Months passed, dulling sorrow and the sense of loss, and bringing many a bitter change. The bitterness of Nathan’s life was made almost unbearable presently. His mother, of a weak and clinging nature, inevitably drifted to a fate a more self-reliant woman would have avoided. Worried with uncomprehended business, and assured by Toombs that this was the only way to retain a home for herself and children, yet unmoved by the kindly advice of Seth’s honest friends and neighbors, as well as the anger and entreaties of her son, she went with Toombs over to the Fort, where they were married by the chaplain stationed there.

With such a man in the place of his wise and affectionate father, Nathan’s life was filled with misery, nor could he ever comprehend his mother’s course.
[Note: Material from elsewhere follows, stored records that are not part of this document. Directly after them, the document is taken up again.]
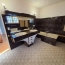  Annonces SAUVIAN : Maison / Villa | BEZIERS (34500) | 160 m2 | 449 000 &euro; 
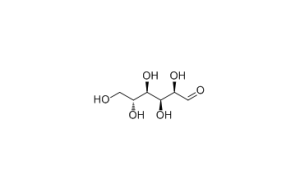 D-(+)-glucose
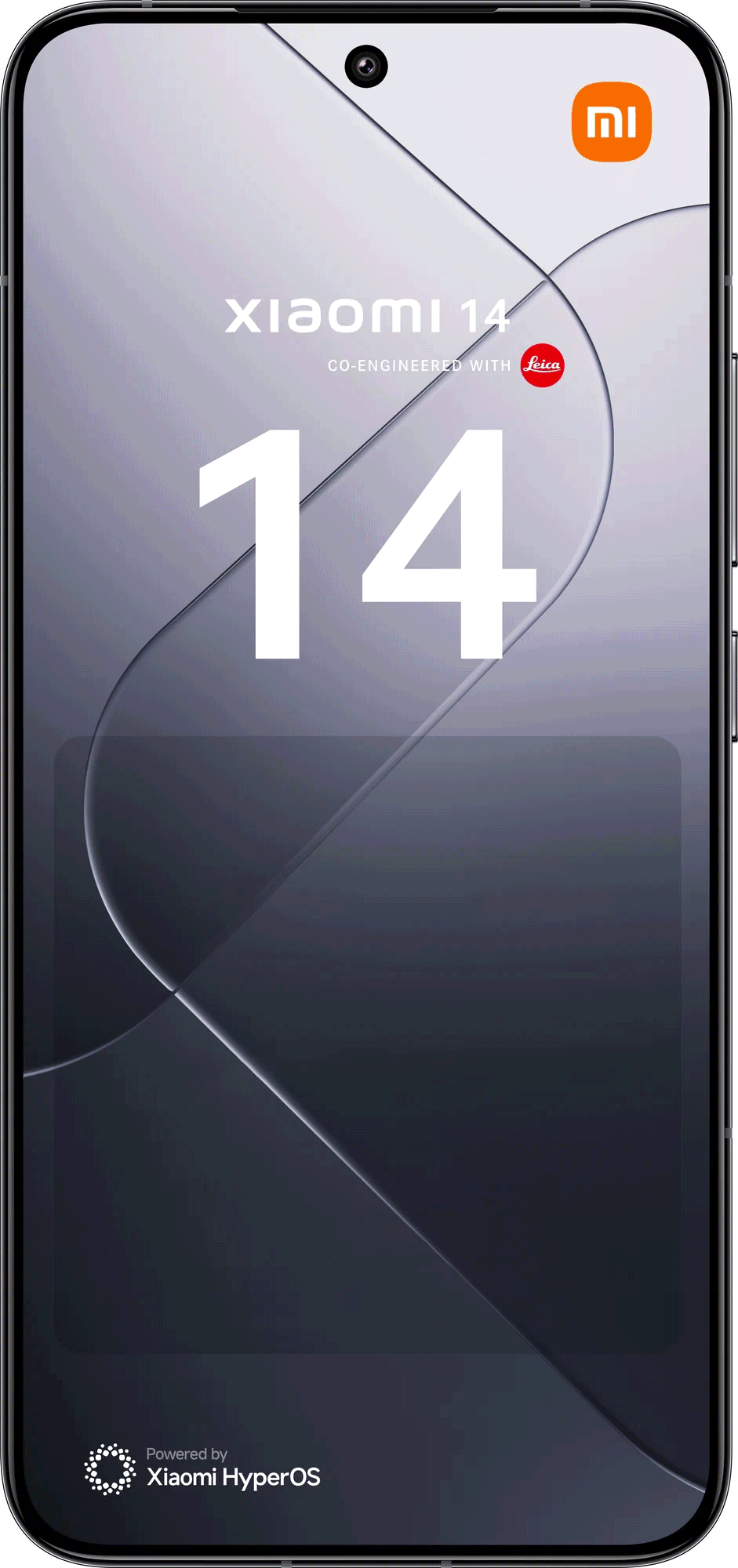 https://storage.alifshop.tj/media/images/alifshop/21907/xiaomi-14-12-512-gb-chernyy-1711531737457.png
Though bestowing upon Martha and his mother indifferent notice or none at all, towards the boy the stepfather exercised his recently acquired authority with severity, giving him the hardest and most unpleasant work to do, and treating him always with distrust, often with cruelty.
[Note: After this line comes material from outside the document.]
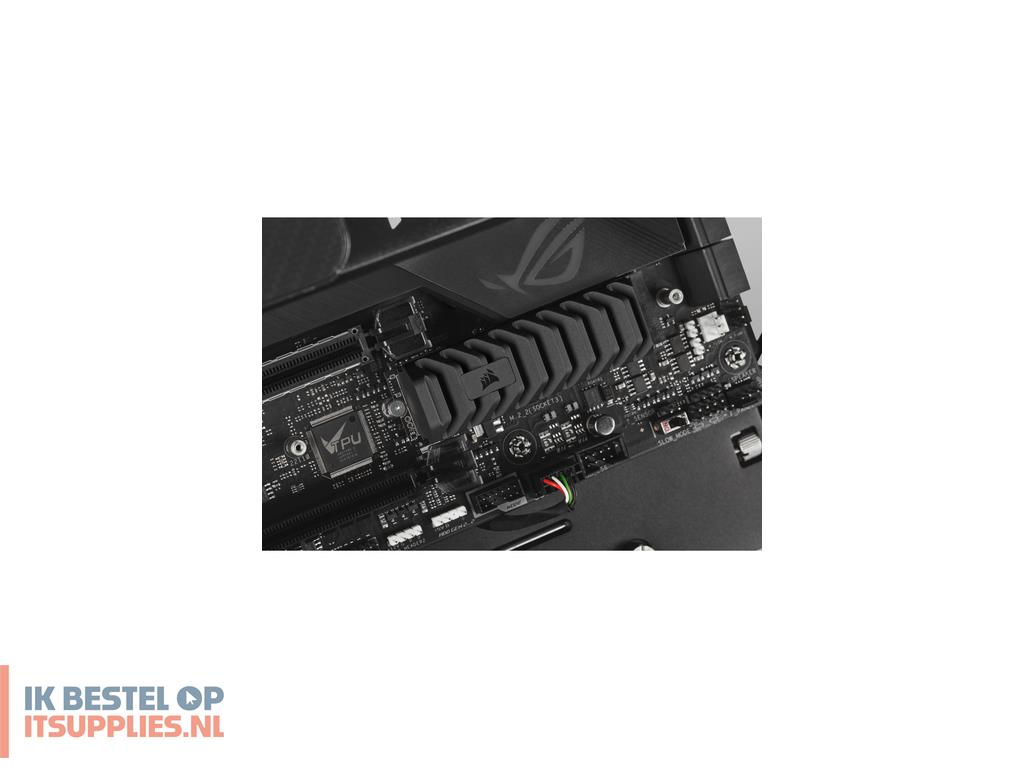 2055128-corsair_mp600_pro_xt_2_tb_m2_pci_express_40_nvme_3d_tlc_nand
“I hate him,” he told Ruth. “He’s sassed me every day since I come here, and I’ve got a bigger job ’an that to settle, one that I’d ha’ settled with his father, if he hadn’t cheated me by gettin’ killed.”

“Oh, what do you mean?” Ruth gasped. “I thought you and Seth was always good friends.”

“Friends!” he growled, contemptuously; “I hated the ground he walked on. Look here,” and Silas pulled out his leather pocketbook and took from it a soiled paper which he held before her eyes.

She read the bold, clear signature of Ethan Allen, and, with a sickening thrill, that of Seth Beeman under it.

“Yes, Ethan Allen and Seth Beeman and his neighbors whipped a man for claimin’ his own, and your boy went and gethered ’em in. Mebby you re’collect it.”

“I couldn’t help it,” she gasped. “I didn’t see it. I run and hid and stopped my ears.”

“Well, ’Rastus Graves ’ould ha’ settled his debts if he’d ha’ lived. But he died afore his back got healed over, and afore he died he turned the job over to his brother, that’s me, Silas Toombs, or Graves—they’re the same in the end.”

Ruth stared at him in dumb amazement and horror, while he proceeded, pouring forth his long concealed wrath.

“Well, I’ve got Seth Beeman’s wife, and, what’s wuth more, his farm, an’ his childern right ’nunder my thumb. I hope he knows on’t. And now, ma’am,” lowering his voice from its passionate exultation, “you don’t want to breathe a word o’ this to your nice neighbors or to your young ’uns. It wouldn’t do no good and it might be unpleasant all round. You don’t want folks to know what a fool you be.”

After this disclosure, Ruth lived, in weariness and vain regret, a life that seemed quite hopeless but for looking forward to the time when her son could assert his rights and be her champion. Her nature was one of those that still bend, without being broken, by whatever weight is laid on them.